Monday, January 28, 2008

Notes on the Memorial of St. Thomas Aquinas.

Today the Roman Catholic Church honors the memory of the 13th-century Dominican friar Thomas Aquinas, Doctor of the Church and patron saint of philosophers, theologians, and scholars in general. It would be difficult to overstate the influence that St. Thomas had on the development of Catholic doctrine or on the history of Western philosophy. The complete works of Aquinas are remarkably numerous for a man who died before the age of fifty, and the breadth and depth of questions considered in Aquinas' Summa Theologiae and other texts remains impressive. Though Aquinas' work was controversial during his lifetime, in death he would win recognition as the greatest theologian in the Christian West since St. Augustine of Hippo. Aquinas also helped to reintroduce Aristotle to Western European readers after many centuries in which the works of the ancient Greek philosopher were presumed to have been lost. I could say a lot more about Aquinas, but instead I'll simply refer you to the weblog of the English Dominican Students, who have posted a fine appreciation of their brother in religion.

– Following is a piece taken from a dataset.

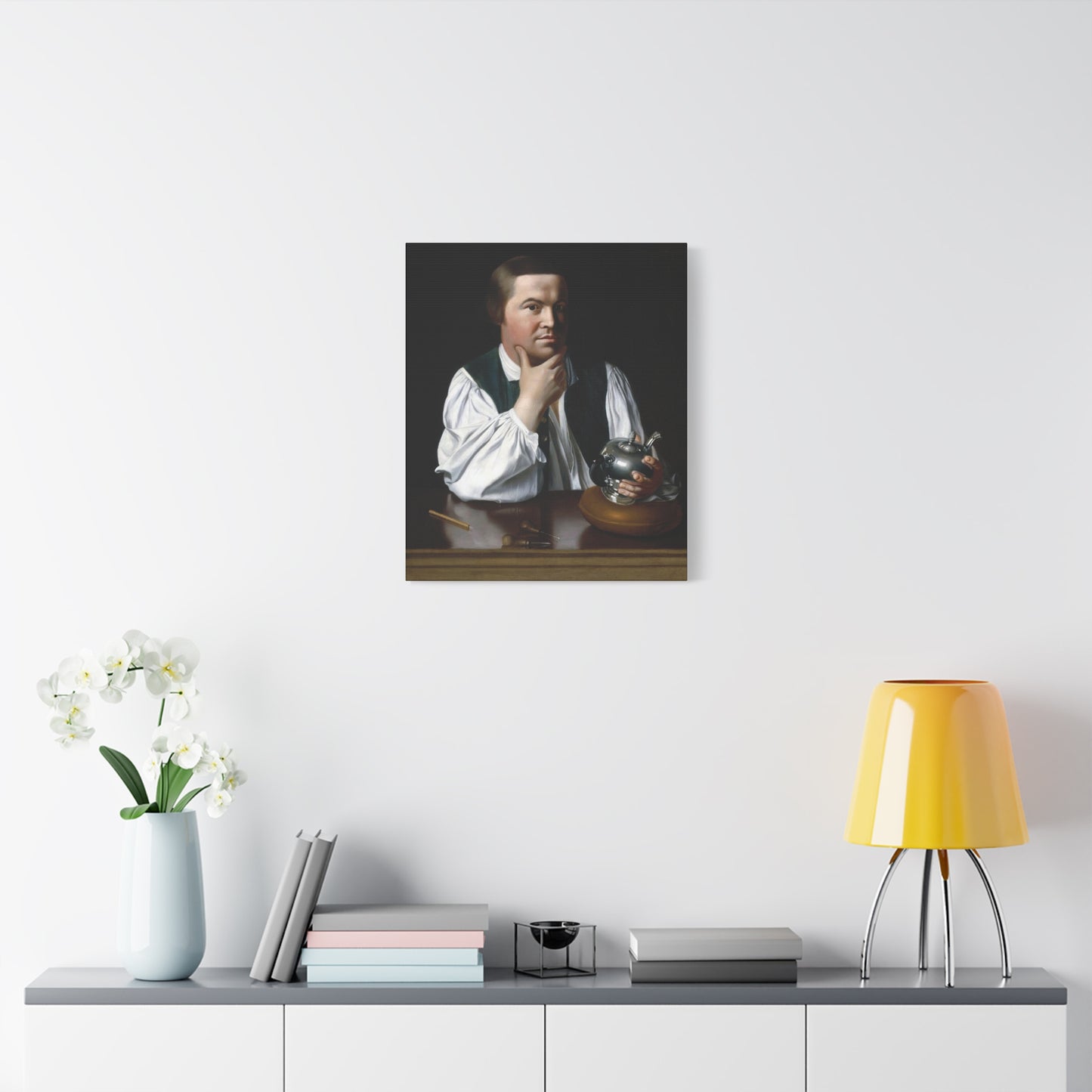 Paul Revere Historical Portrait Canvas Art - Vintage Decor for Home and Office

I've had ample opportunity to study the works of Thomas Aquinas in various courses, first at Georgetown and Notre Dame and now again at Fordham. In some ways, I feel like I've gotten to know Aquinas well. Nonetheless, I realize that he still has a lot more to teach me. Today, I pray that St. Thomas Aquinas will intercede for me and my fellow Jesuit scholastics as we go about our mission of studies. I pray that we might acquire some small share of the wisdom that God granted to St. Thomas, and I pray too that we will put this knowledge to good use in our future apostolic endeavors. AMDG.